A specific departure date isn't set yet, but Hamilton made his intentions known so the Board of Regents, the system's governing body, can begin the selection process for a new president.

"Quite simply, I want to spend more time with my family, my lovely wife Patty, who has had to share me with either the U.S. Army or the university system for over 40 years. I want to have time to enjoy our four children and their families, including my ninth grandchild due this fall," said Hamilton. "And I want to spend more time in this Alaska that I love so much. Maybe I'll get in some extra fishing time or an extended moose hunt."

Hamilton made the announcement at the close of a two-day board meeting in Fairbanks. Board chair Cynthia Henry said finding a replacement for the articulate and outspoken advocate for the UA system will be challenging.

"What a magnificent run this has been, with President Hamilton leading this university for these past 11 years," Henry said. "He was hired at a time of rather low morale due to crumbling facilities and chronic underfunding. He was able to communicate with the public, elected officials and numerous other constituencies just how important the University of Alaska is for a strong state economy, especially the need to 'grow our own' for good jobs and careers right here in Alaska."

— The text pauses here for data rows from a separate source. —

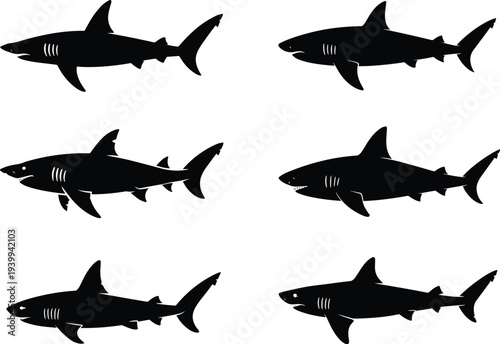 Set of black silhouettes of swimming great white sharks in various side view poses isolated on white background for marine graphics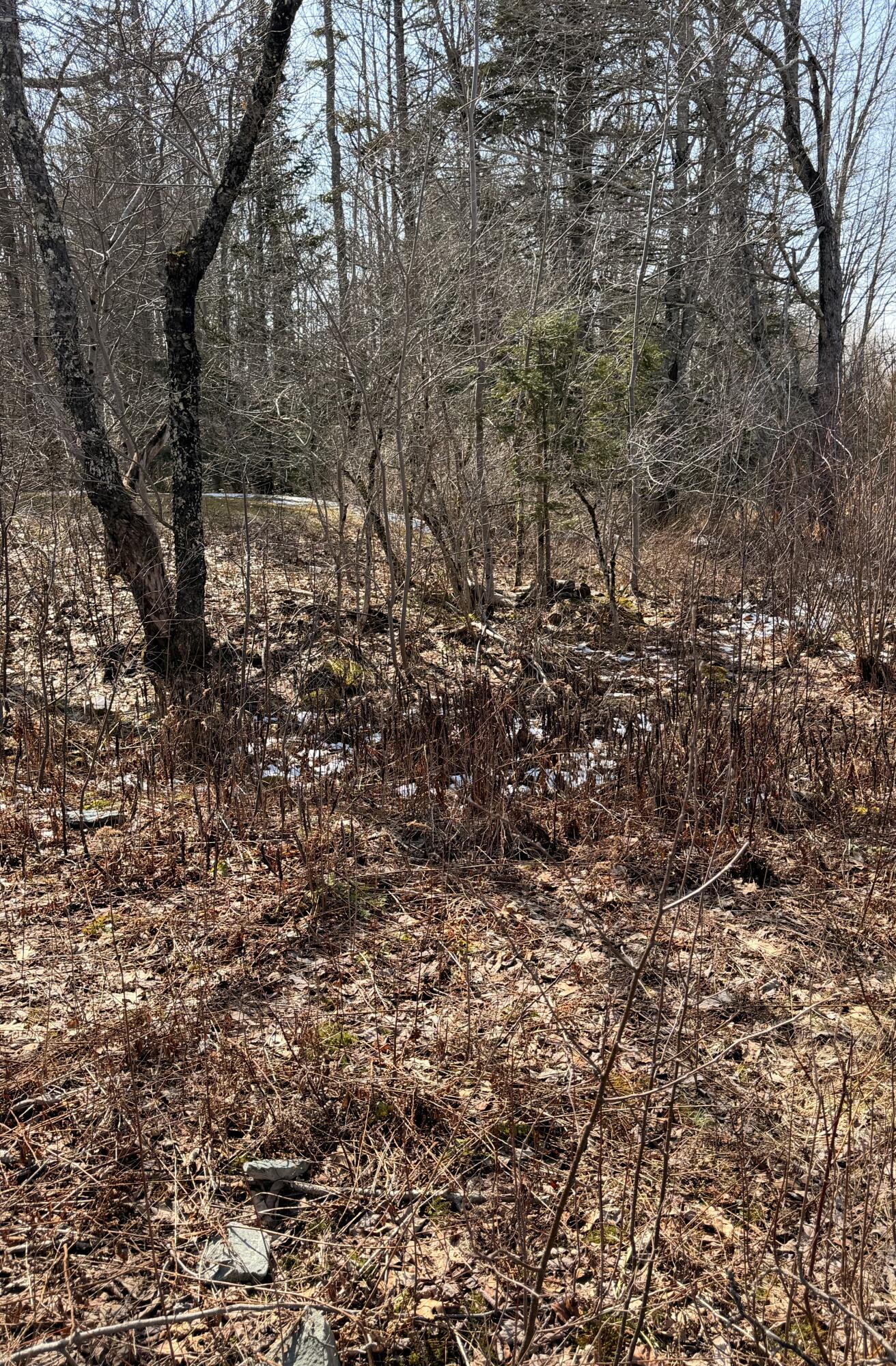 Lot 9-1 Christian Ridge Road Ellsworth ME 04605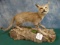 Cool African Desert Wild Cat Full Body Mount Taxidermy
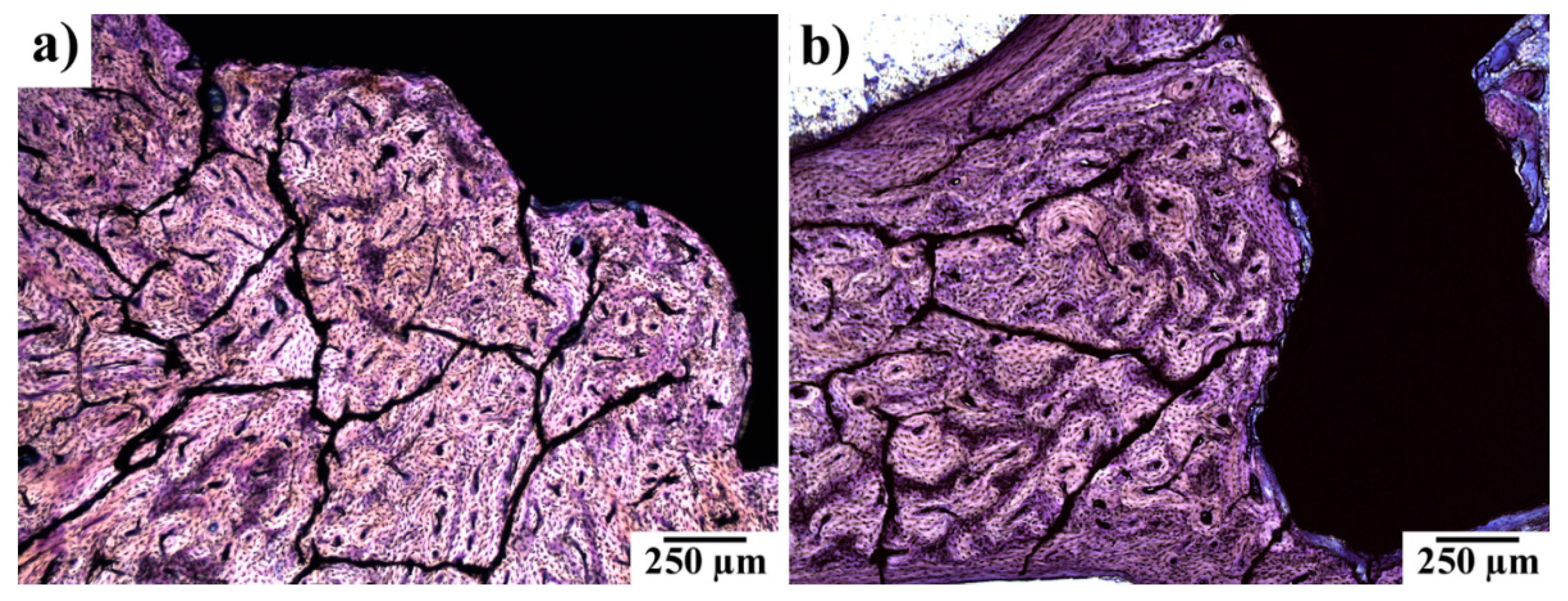 Materials 14 03271 g005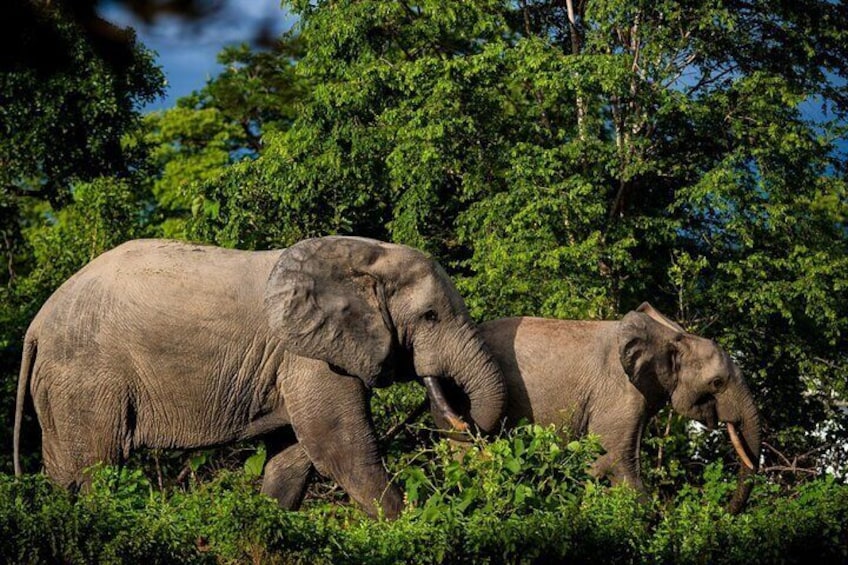 Elephants at mole park-Grassroottours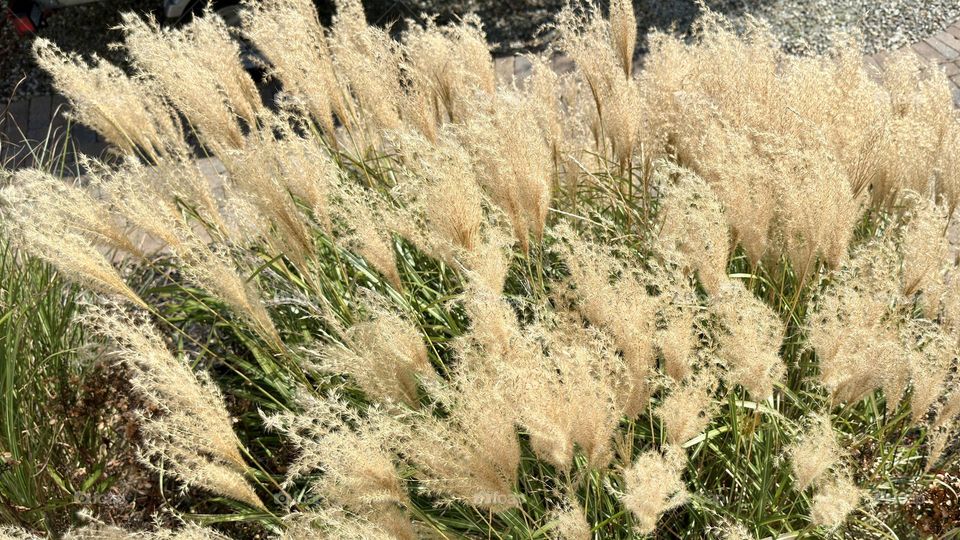 Jersey sea oats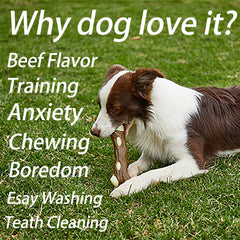 BETTEPROD dog bones beef-flavor aroma captures appetizing scent during chews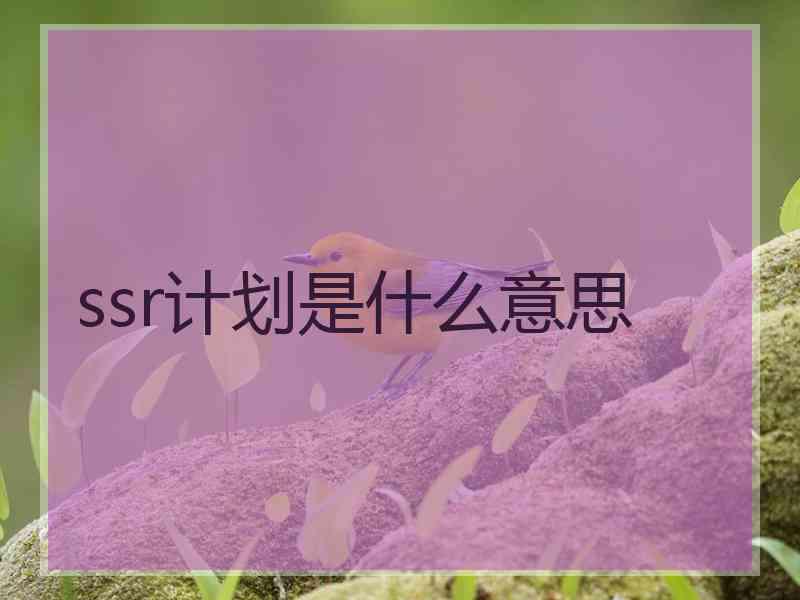 ssr计划是什么意思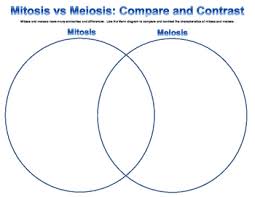 Mitosis And Meiosis Characteristics Compare And Contrast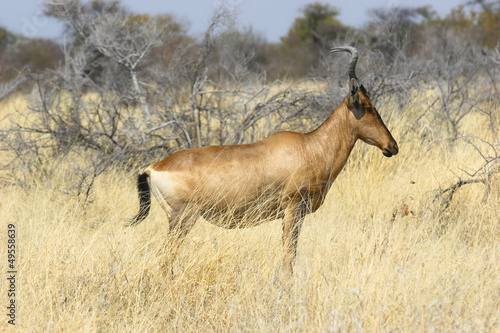 Photo: Red hartebeest (Alcelaphus buselaphus caama) Red hartebeest (Alcelaphus buselaphus caama)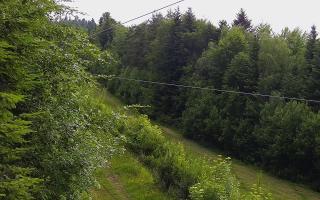 Laskowa pośredni - 17-06-2026 15:27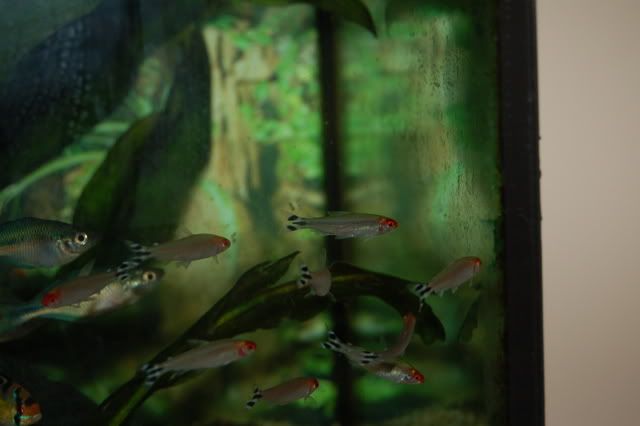 DSC_0542.jpg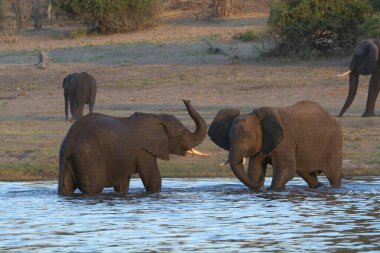 Vahşi Afrika filleri.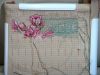 DSC04552.thumb.JPG.71ff0bfdeab35a7934cbf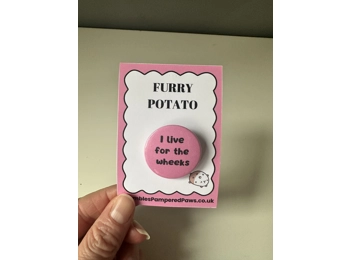 Guinea Pig Lover Badges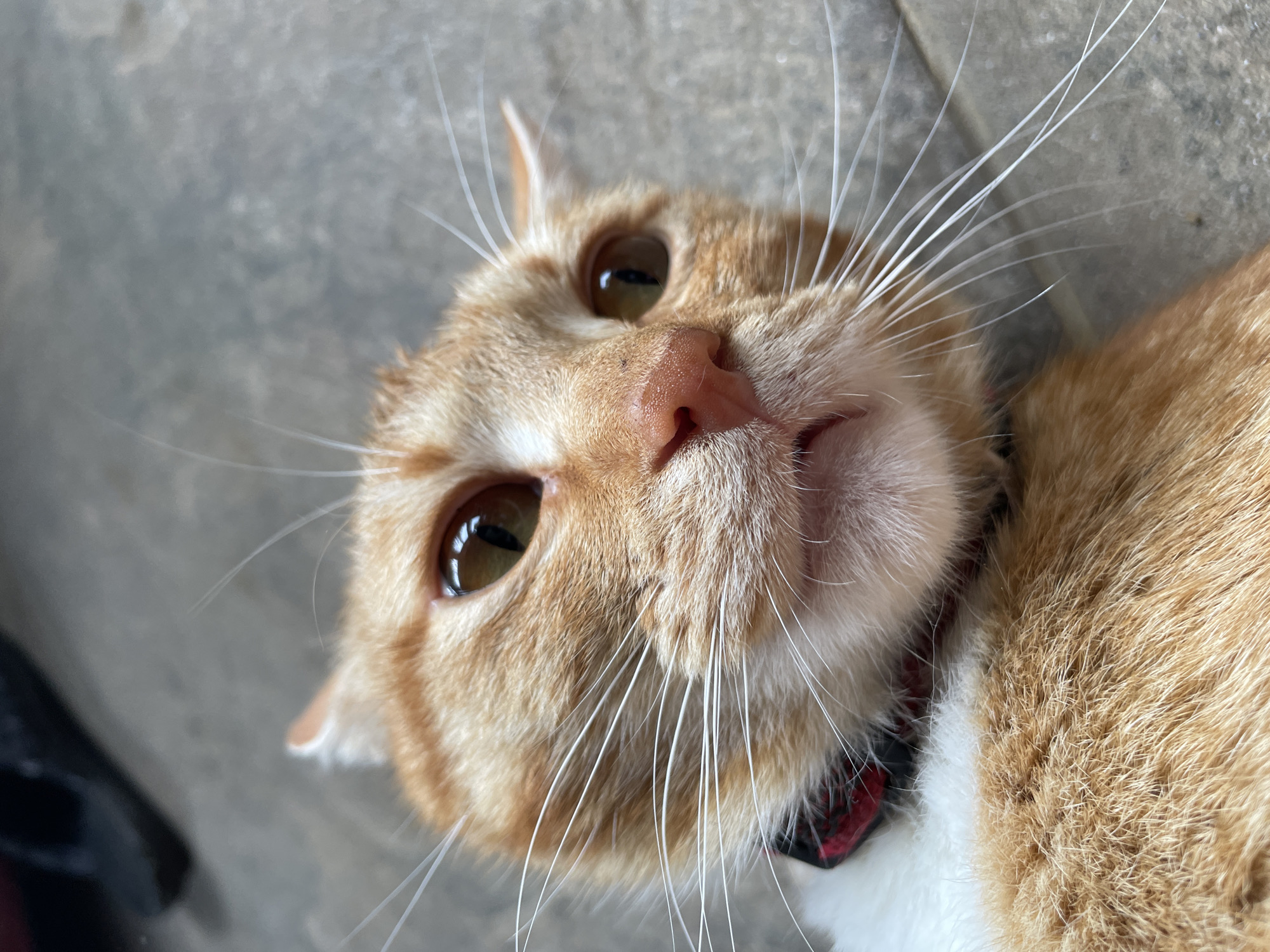 A close-up shot of an orange tabby cat's face, its head tilted towards the camera. The cat has light orange fur, amber eyes, and a pink nose. Its long white whiskers are prominent. A red and black collar is visible around its neck. The background appears to be a gray concrete surface. The location, city of Zlatograd, Bulgaria is unconfirmed.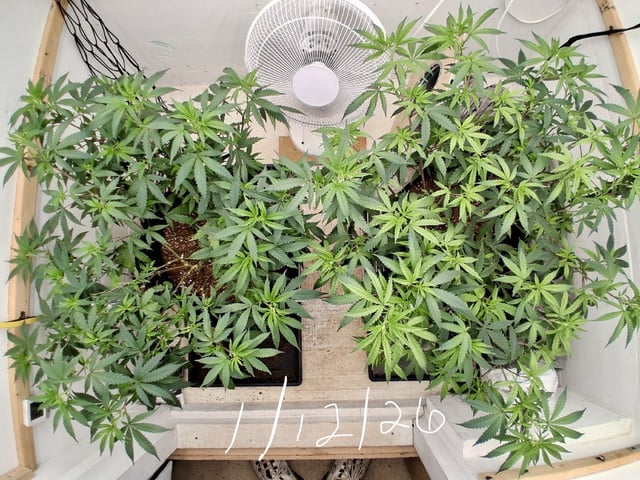 Round 2 — vegetative, day 6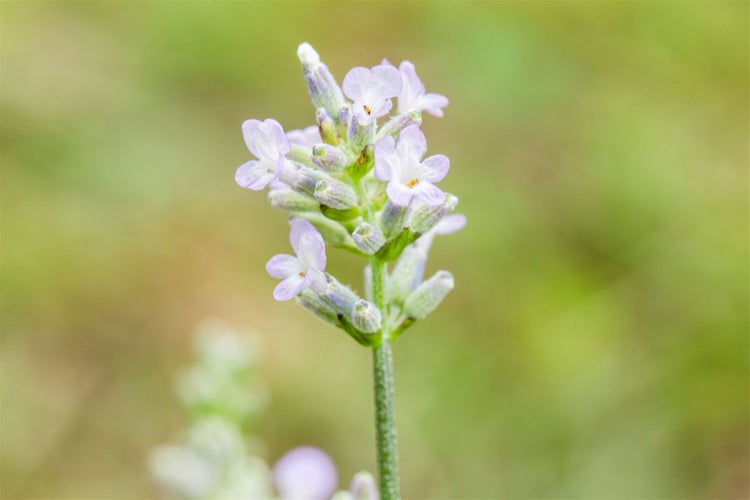 Lavandula angustifolia 'Hidcote White', Lavendel, weiß, ca. 9x9 cm Topf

Henry said it's too early to know exactly how the search process will play out, but that she intends to keep the public, staff, faculty, students and other key stakeholders informed along the way.

Regents next plan to meet July 10 in Anchorage, but they'll quickly adjourn into executive session, which is allowable under state law to discuss personnel matters. Such matters would include initial discussions about finding a replacement for Hamilton, how the process will work, possible timelines, the need for an interim president (or not), qualities and characteristics desirable in a new president, and other considerations.

It may take board members several meetings to fully flesh out the direction in which they want to go. All formal action and decisions by the board will take place in open public meetings. The Statewide Voice will do its best to keep employees informed as the situation moves along.

UA employees, both at the system and individual campus levels, can be assured President  Hamilton is fully in charge while the search process goes forward. 

Hamilton, 64, has been at the helm of the system since August 1998. He's already discounted rumors that he wants to run for governor, saying that if he wanted to keep working, he'd stay in the best job in Alaska---running the University of Alaska system.

In making his comments at the June board meeting, Hamilton said the respect he has for faculty and staff  "is greater than they will ever know." He said he won't be involved in selecting a successor, but he offered board members this thought: "You don't need a super star. The last 11 years have shown that an average person who loves Alaska, who admires the faculty, who trusts the magnificent staff and who listens carefully to the directives and the guidance of the Board of Regents can be the steward of this wonderful institution."

He added that there will be "lots of time for farewells."

Maybe so, but many of us here at Statewide want to take this opportunity to say a hearty "thank you" to President Hamilton for all of his hard work, advocacy and support. You will be sincerely missed!